Articles + Research

Calculating Velocity: A Free Open Source Tool!

Updated: Aug 14

Calculating the team velocity in agile is easy...in a perfect world. Unfortunately, we operate in an imperfect world. I created a velocity tool to help in those imperfect times.


What is Velocity?


Velocity is the total amount of effort (or story) points completed after an iteration (sprint). Simple right? You plan to complete 50 points, but complete 48 points; therefore, 48 points is your velocity for that iteration. If you track it that way over multiple sprints, you can start to gauge your team's true velocity. Having this number is a great starting point to plan your iterations.


Easy right?


What about those extra meetings outside of planning, reviews, grooming, etc. that are already planned into your iterations? What about time off? What about those pesky bugs that need to be addressed? Oh, and those rollover points (2 in our example above). That planned effort of 48 points is starting to be a lot less going into the next iteration.


I created a tool that accounts for a team member’s time in that iteration. One team member, or someone who contributes to the effort points being completed, working for one week puts in 40 hours; however, in reality, works about 30 hours a week or six hours a day. For a two-week iteration, five team members work 300 total hours. A few meetings here, a day off there, and your total hours available are going down, but most teams will not account for that time not working, thus creating a velocity that could look like a roller coaster from iteration to iteration.


Velocity Tool Overview


The tool is quite simple and open source (Online Tool: https://danm9.github.io/minahan.dev/ or Source Code: https://github.com/danm9/minahan.dev). Here is an example iteration and velocity:


Velocity: Recommendation is to use a running average, six would do great. If you are starting out, use your previous sprint as a starting point. I recommend tracking an average velocity and a sprint/iteration velocity. If your average velocity is 60, but your last sprint was 72, go with the average since that is above the norm.

Total Team Members: Use your team members, or development team, that is working on the product.

Sprint Length: Use your iteration length, recommend 1-4 week.

Total Days Out: The total days out is the total for the team.

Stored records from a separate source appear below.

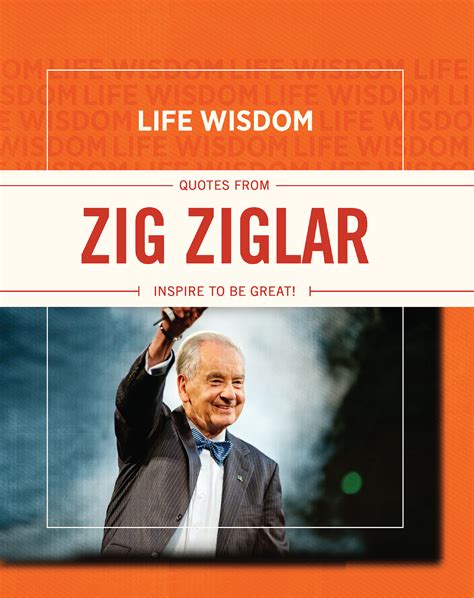 Life Wisdom: Quotes from Zig Ziglar: Inspire To Be Great ...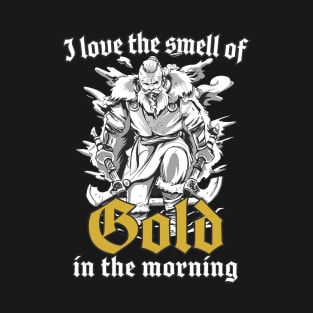 Love the smell of gold in the morning T-Shirt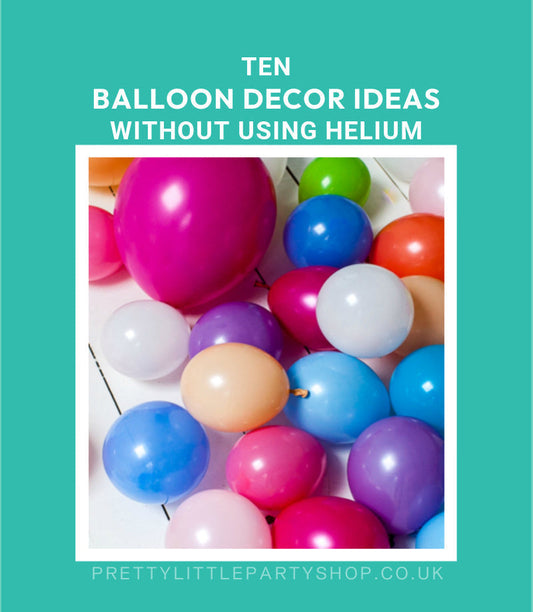 Ten Balloon Decorating Ideas Without Helium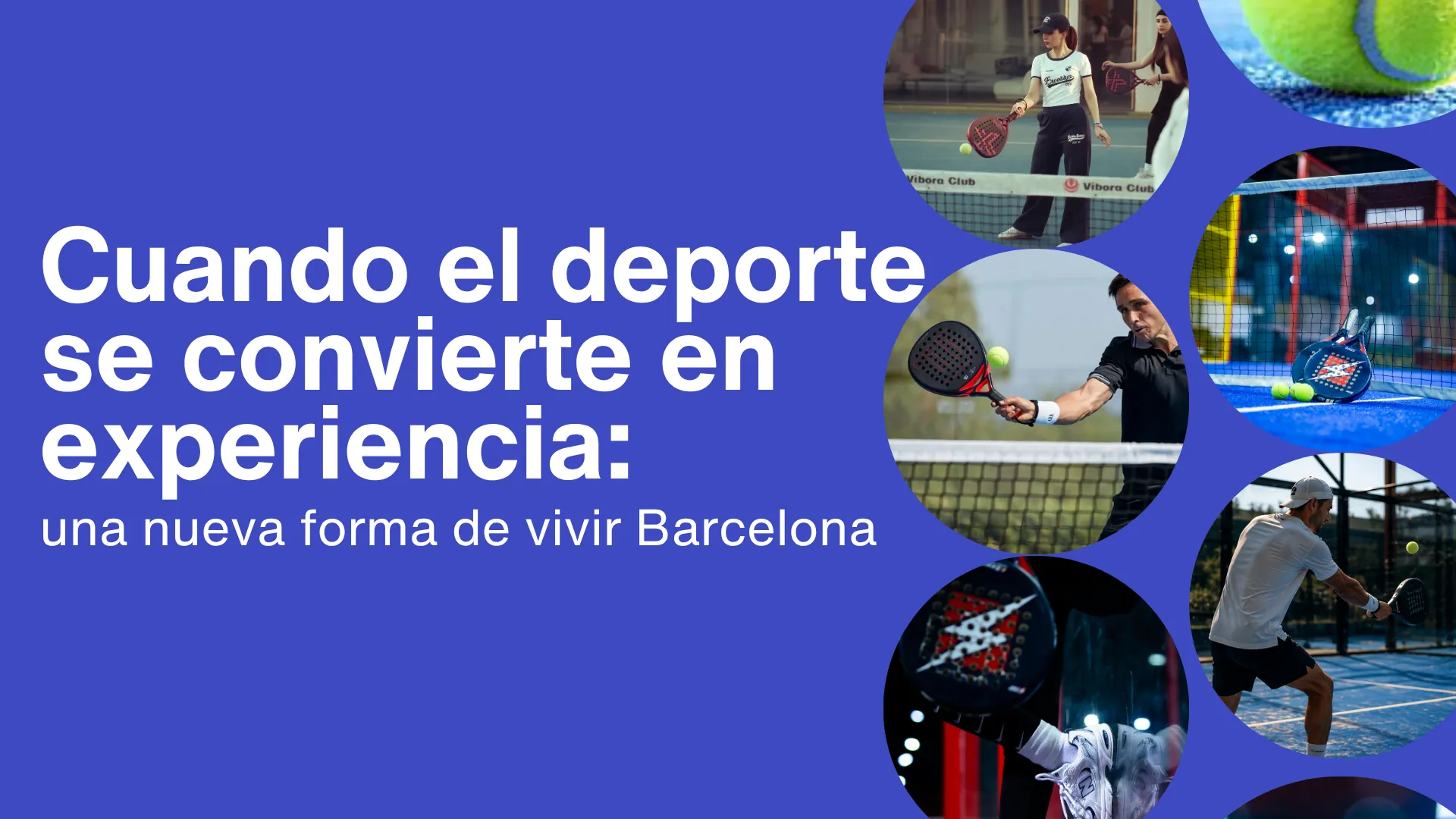 Cuando el deporte se convierte en experiencia: una nueva forma de vivir Barcelona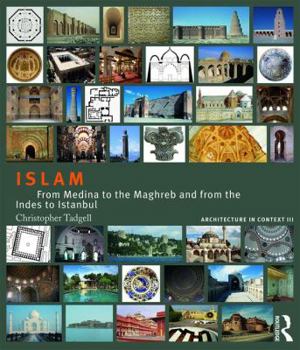 Paperback Islam: From Medina to the Maghreb and from the Indies to Istanbul Book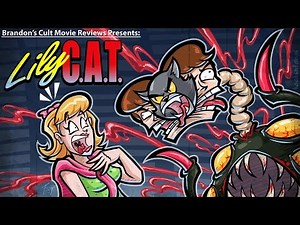Brandon's Cult Movie Reviews: LILY C.A.T.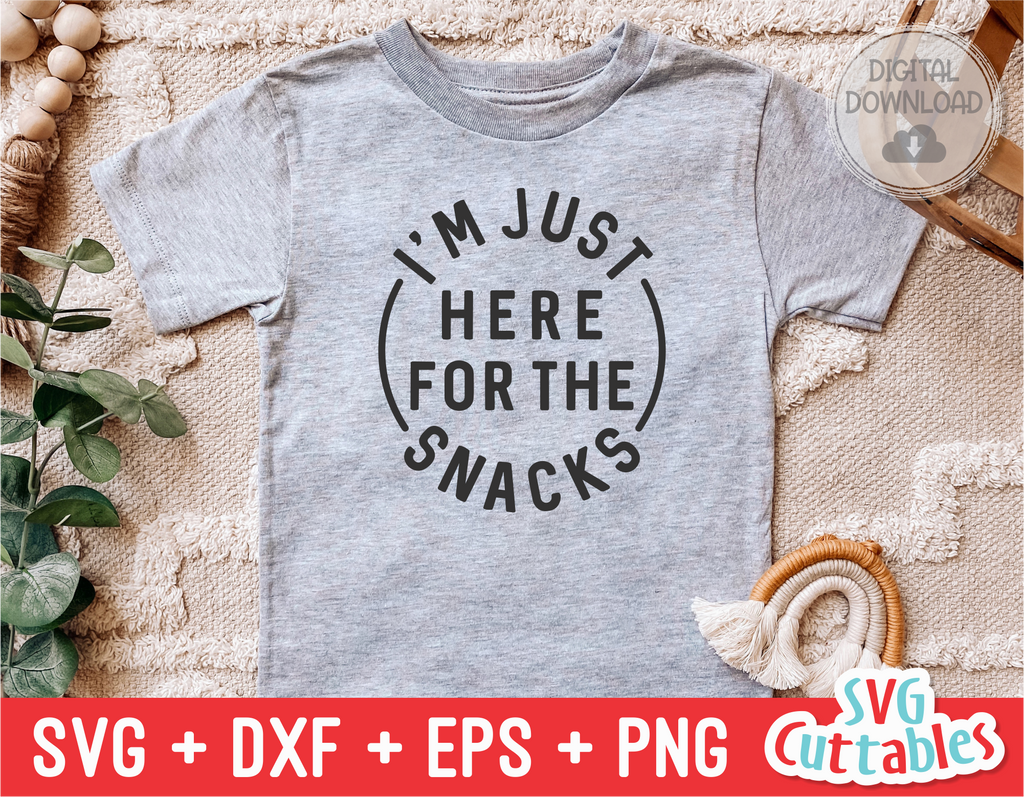I'm Just Here For The Snacks | Toddler SVG Cut File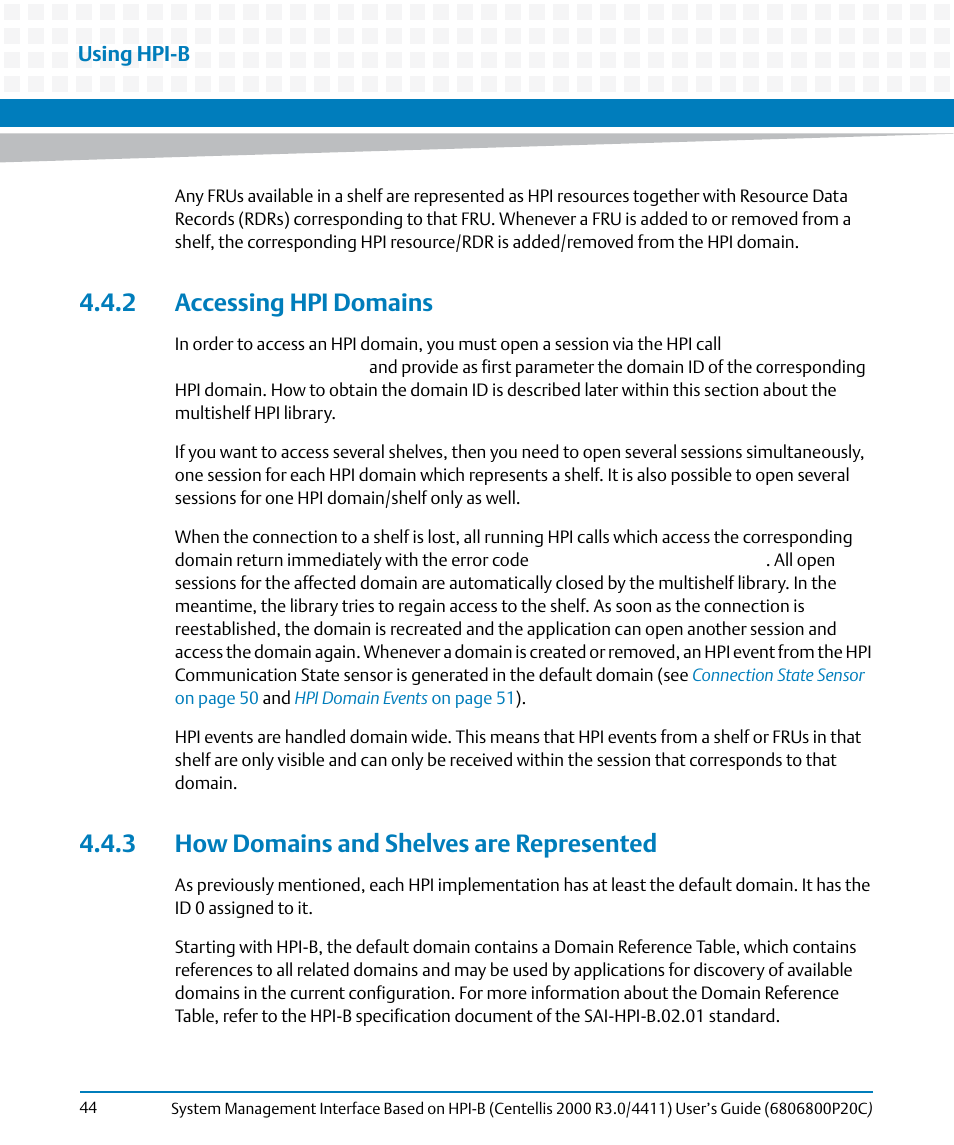 2 accessing hpi domains, 3 how domains and shelves are represented | Artesyn System Management Interface Based on HPI-B (Centellis 2000 R3.0/4411) User's Guide (June 2014) User Manual | Page 44 / 136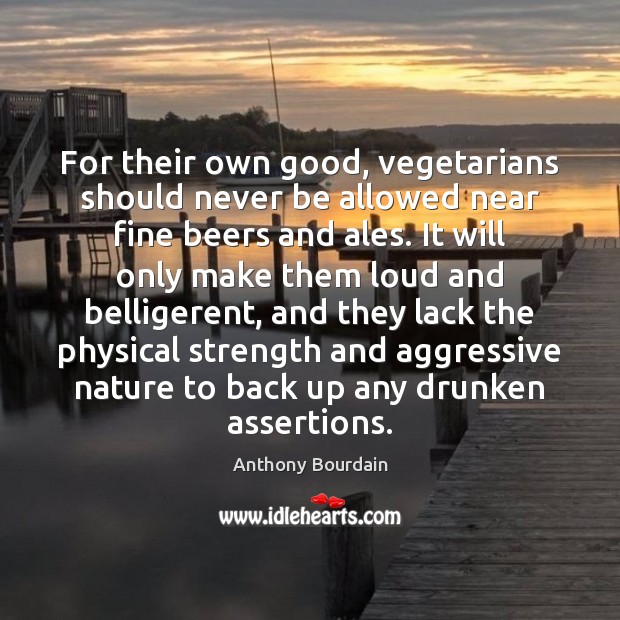 For their own good, vegetarians should never be allowed near fine beers Image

Average Injections/Average Injection Effort: If your team does not have injections…great job! In reality, most teams do and that’s fine. Add your buffer based on previous sprint data. Also, if you track it, have your team members provide an effort so you can create a running average.

Additional Hours Subtracted: This is used for those extra meetings outside of Iteration Planning, Grooming, Reviews, and Retrospectives. If you have training during the sprint that you can not miss, or an extra grooming session that you want to account for during planning, or you have an appointment, but it’s not all day.

Rollover Points: This input is for those rollover points that need to be accounted for in the next sprint.


The output is what you "Plan For" and the total is the combination of Plan For + Injections + Rollover Points.


Is it perfect? No.

Does it work? Maybe.


Try it out with your team. It will not solve your problems if you are bad at efforting or estimating, but if you are consistent with how you effort stories or product backlog items, this tool can start guiding you in the right direction for your planning sessions.